You are right; I forgot about this recent addition to Version 3. Regarding the saturated model logL, it is not separately reported but you could deduce it from the LR chisquare value and the logL for H0 which are both printed, since the LR chisquare is 2 times the logL difference between H1 and H0. 


Your own program can more than you thought! Isn't that a nice surprise...! Thanks for the information about the saturated model logL, I thought about that possibility too, but isn't it a problem for the computation you suggest that Mplus computes "corrected" chisquares (my output tells me Mplus has deleted certain extreme values (cells) in the computation of chisquares)? Thank you, Christian 


We are continually surprised by the unacticipated power of Mplus I think if you add UCELLSIZE = 0; to the ANALYSIS command, you will avoid having any cells deleted. 


Linda and Bengt, thank you. You were extremely helpful. One last question: The MC outputs for my latent class models give me expected as well as observed proportions and percentiles for the fit statistics. Though I think the observed values should be interpreted, I am somewhat uncertain. Could you briefly explain the difference? Thank you, Christian 

bmuthen posted on Friday, November 26, 2004  6:31 am



The expected proportions in the first column simply indicate which percentage levels are reported, so you are right that you would be interested in the results in the observed proportion column, column two. So for instance, the value 0.05 in the first column simply indicates that it is this value that you want to get close to when looking at the second column value. And, analogously for the percentiles. 

Anonymous posted on Sunday, December 12, 2004  7:34 pm



Dear Bengt, I am running a threeclass mixture model with multinomial logit regression on the class membership. I know that the last group (c#3 in my case) is the default reference group. I would like to know how to change the reference group to other groups, say Class 2. Thanks in advance! MODEL: %OVERALL% Y1 with Y2; [Y1 Y2]; c#1 c#2 ON x1 x2 x3 x4; %c#2% Y1 with Y2; [Y1 Y2]; %c#3% Y1 with Y2; [Y1 Y2]; 

bmuthen posted on Sunday, December 12, 2004  7:38 pm



You have to do this by using starting values that make whatever class you want the last class. So you rerun your analysis giving some key starting values for the last class which you take from class 2 of your current solution. 

Anonymous posted on Sunday, December 12, 2004  9:54 pm



Thanks a lot for the suggestion. I have tried it and got some strange results. When there was no starting value, the correlation between two variables in one class was positive while it became negative when starting values were given. All other fit statistics and parameter estimates were exactly the same except the mentioned correlation. 


Send the two outputs to support@statmodel.com so I can see exactly what you are doing  the output with no starting values and the output where you use the ending values as starting values. 

Judith Baer posted on Tuesday, October 25, 2005  11:24 am



We are trying to determine the significance level for the covariates in a LCA with categorical variables. For example c#1 male .963 .095 10.135 Blk .432 .138 3.119 Age .382 .051 7.433 What is the meaning of .095 for males?

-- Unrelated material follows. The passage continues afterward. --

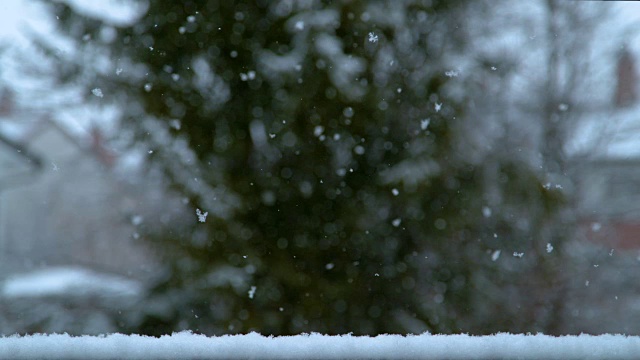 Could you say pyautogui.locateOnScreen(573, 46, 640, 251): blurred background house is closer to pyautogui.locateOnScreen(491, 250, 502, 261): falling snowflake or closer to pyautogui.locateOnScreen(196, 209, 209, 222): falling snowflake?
pyautogui.locateOnScreen(491, 250, 502, 261): falling snowflake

Thanks. 


The columns of the output are described in Chapter 17 under Summary of Analysis Results. If the value .095 is in the second column of the results, it is the standard error of the parameter estimate .963. 

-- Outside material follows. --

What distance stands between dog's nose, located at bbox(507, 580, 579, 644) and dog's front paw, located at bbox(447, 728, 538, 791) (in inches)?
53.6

We heard that MPlus version 4 would implement boostraping method of pvalue for latent class analysis. Dayton mentioned that for spare data chisquare and G2 differ and should not be used for model identification. Our data has 17 binary manifest variables and the output is as follows: Class Chisquare (pvalue) G2 (pvalue) 2 289355 (0.0000) 57781 (1.0000) 3 176063 (0.0000) 44941 1.0000) 4 95719 (0.0000) 36958 (1.0000) 5 90990 (0.0000) 31853 (1.0000) 6 71474 (0.0000) 27569 (1.0000) 7 60354 (1.0000) 24459 (1.0000) 8 43462 (1.0000) 22227 (1.0000) I have tried using Bootstap option for LCA and the chisquare and G2 pvalue is the same as those provided by the standard output. Have I done it correctly just by specifying the bootstrap option? If not, how it can be done in current version? Anway, does the bootstaping help in addressing the pvalue? Based on AIC, BIC and adjusted BIC, these indices keep droping till 12 classes and we do not carrying on since more than 12 classes as it is hard to explain for huge number of classes. We plot the 3 indices against no of classes and the drop in these indices seem to be at a decreasing rate after 7 classes. Does we need to rely on information criteria alone or should more judgement other than statistical be used? Thanks. 

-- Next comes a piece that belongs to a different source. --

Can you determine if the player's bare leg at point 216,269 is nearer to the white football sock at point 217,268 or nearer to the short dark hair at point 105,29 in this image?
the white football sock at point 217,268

bmuthen posted on Wednesday, December 21, 2005  7:30 am



Yes,the forthcoming Mplus version 4 will give a bootstrapbased p value for the likelihoodratio test of k1 versus k classes. In the current version of Mplus, however, bootstrapping is only for standard errors of parameter estimates and does not help in determining the number of classes. At this point, BIC drop and the Tech11 LoMendelRubin test can be used to help decide on the number of classes  taken together with substantive considerations. 

Kate Degnan posted on Tuesday, January 10, 2006  5:02 am



I am using the mixture modeling to perform a latent profile analysis. I have found interactions to predict the probabilities of membership in the profiles. Since the output gives logit information is it correct to assume that I would interpret/calculate the interaction in the same way I would for a regular logistic regression? 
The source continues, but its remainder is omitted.